• _Information supplied_
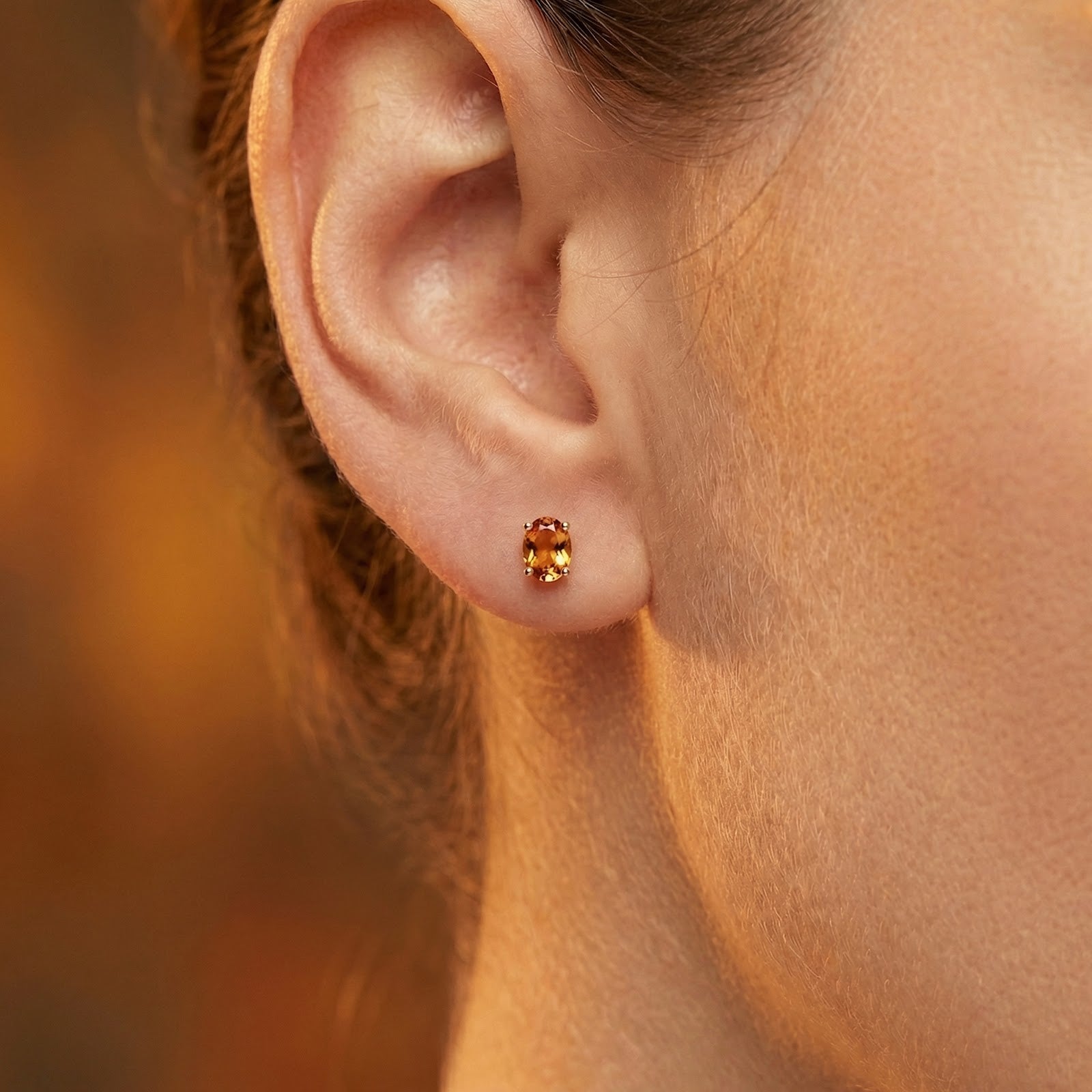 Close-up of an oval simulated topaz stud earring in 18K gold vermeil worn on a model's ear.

==

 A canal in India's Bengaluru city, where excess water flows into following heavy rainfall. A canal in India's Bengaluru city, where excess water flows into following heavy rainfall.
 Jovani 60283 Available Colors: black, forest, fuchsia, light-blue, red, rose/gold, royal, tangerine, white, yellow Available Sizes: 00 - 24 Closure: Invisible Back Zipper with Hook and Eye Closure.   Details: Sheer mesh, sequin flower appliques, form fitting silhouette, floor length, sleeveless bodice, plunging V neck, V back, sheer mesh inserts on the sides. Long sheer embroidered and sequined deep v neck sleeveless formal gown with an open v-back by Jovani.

...

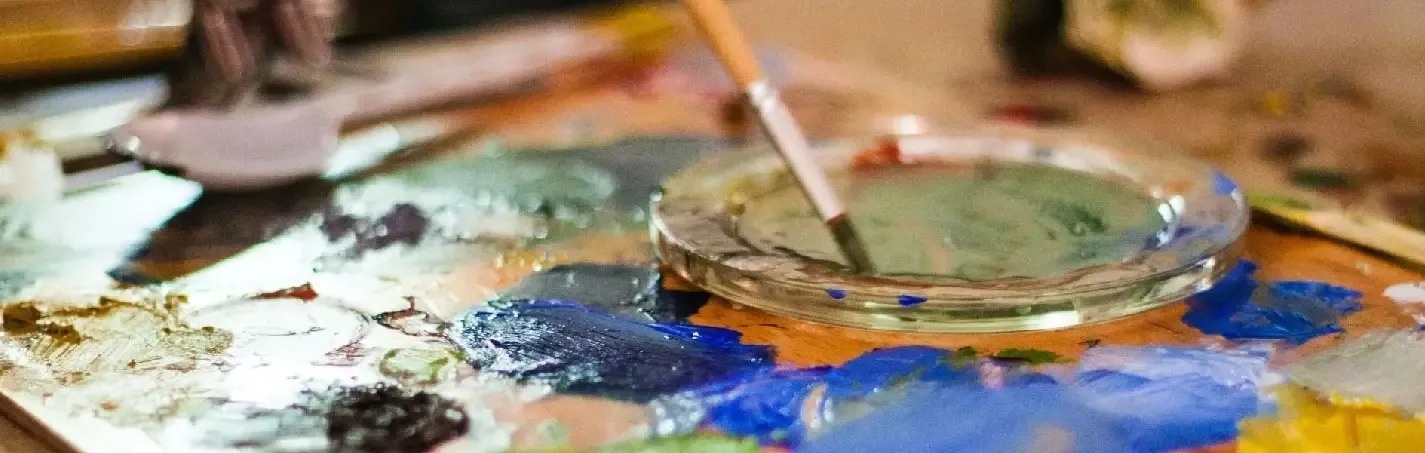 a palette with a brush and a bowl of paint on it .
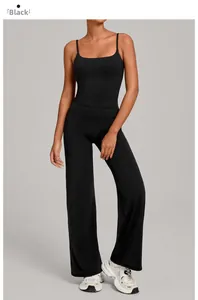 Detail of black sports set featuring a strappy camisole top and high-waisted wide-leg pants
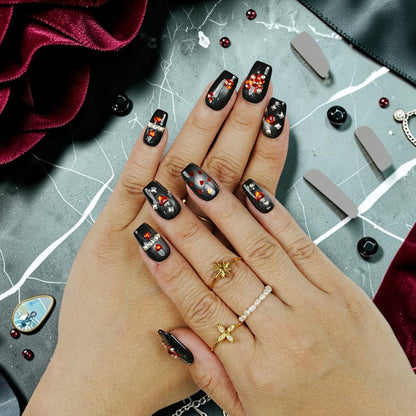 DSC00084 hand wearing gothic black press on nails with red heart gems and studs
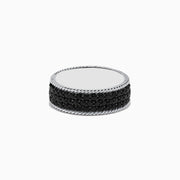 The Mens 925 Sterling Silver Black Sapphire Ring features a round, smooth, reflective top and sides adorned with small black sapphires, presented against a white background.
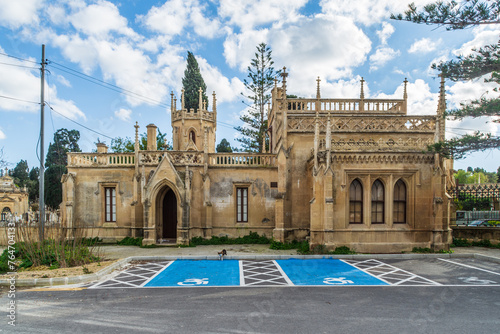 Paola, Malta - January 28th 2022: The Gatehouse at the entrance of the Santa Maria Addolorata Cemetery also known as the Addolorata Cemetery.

• _Work required_
Please print the lines above word for word, starting at the one with "DSC00084 hand wearing" and ending at the one with "Paola, Malta - January", both included, and without any picture.

• _Answer for this exercise_
 DSC00084 hand wearing gothic black press on nails with red heart gems and studs
 The Mens 925 Sterling Silver Black Sapphire Ring features a round, smooth, reflective top and sides adorned with small black sapphires, presented against a white background.
 Paola, Malta - January 28th 2022: The Gatehouse at the entrance of the Santa Maria Addolorata Cemetery also known as the Addolorata Cemetery.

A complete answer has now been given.